RECORDS SHOWN:
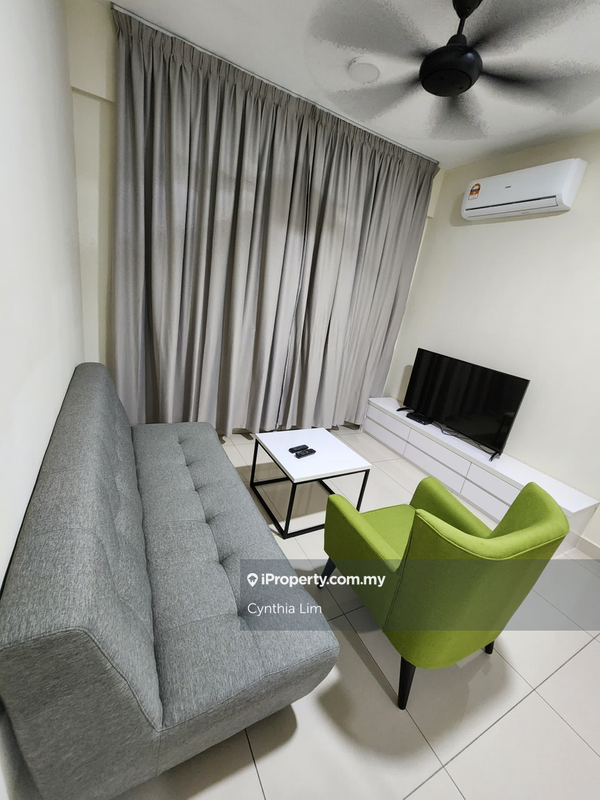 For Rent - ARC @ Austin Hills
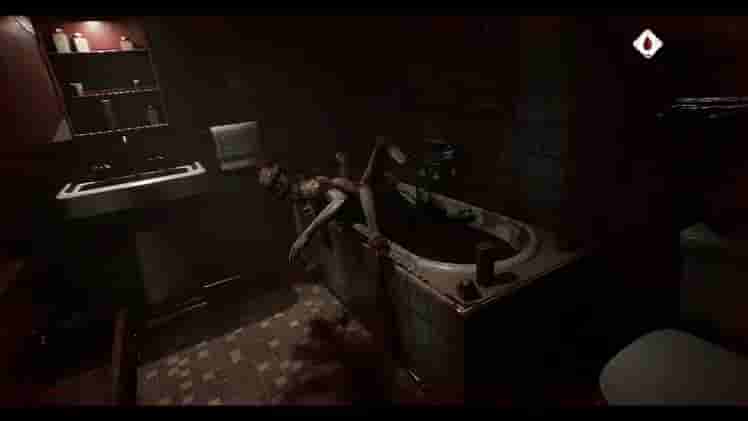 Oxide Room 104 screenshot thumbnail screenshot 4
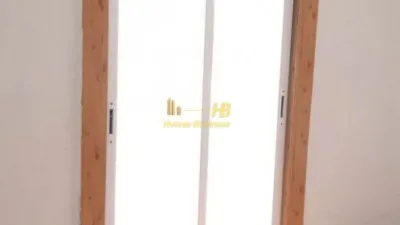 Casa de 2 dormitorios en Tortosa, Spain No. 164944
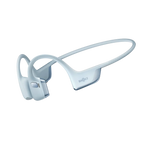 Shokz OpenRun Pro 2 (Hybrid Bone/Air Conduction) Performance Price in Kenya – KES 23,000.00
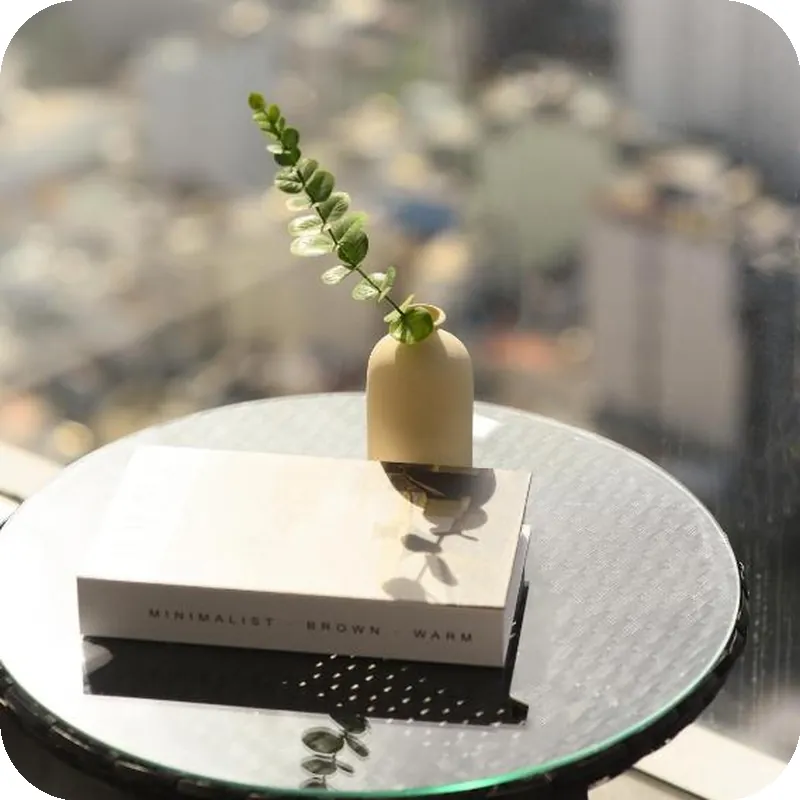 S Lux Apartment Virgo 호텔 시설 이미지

...

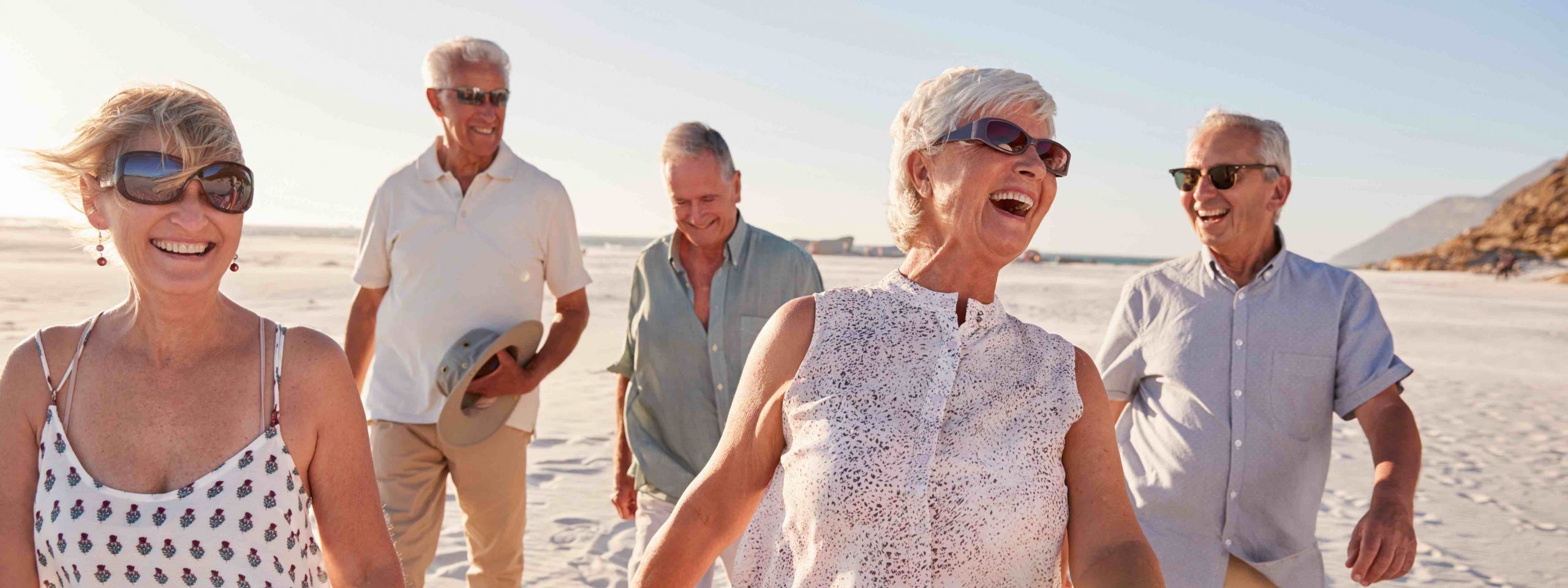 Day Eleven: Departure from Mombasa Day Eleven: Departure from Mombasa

...

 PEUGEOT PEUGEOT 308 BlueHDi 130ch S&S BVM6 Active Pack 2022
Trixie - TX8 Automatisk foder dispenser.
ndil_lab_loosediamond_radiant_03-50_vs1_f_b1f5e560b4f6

TASK DIRECTIONS: The lines to extract from the data above begin with the line containing "PEUGEOT PEUGEOT 308" and end with the line containing "ndil_lab_loosediamond_radiant_03-50_vs1_f_b1f5e560b4f6". Extract them exactly, including both.

ANSWER BOX:
 PEUGEOT PEUGEOT 308 BlueHDi 130ch S&S BVM6 Active Pack 2022
Trixie - TX8 Automatisk foder dispenser.
ndil_lab_loosediamond_radiant_03-50_vs1_f_b1f5e560b4f6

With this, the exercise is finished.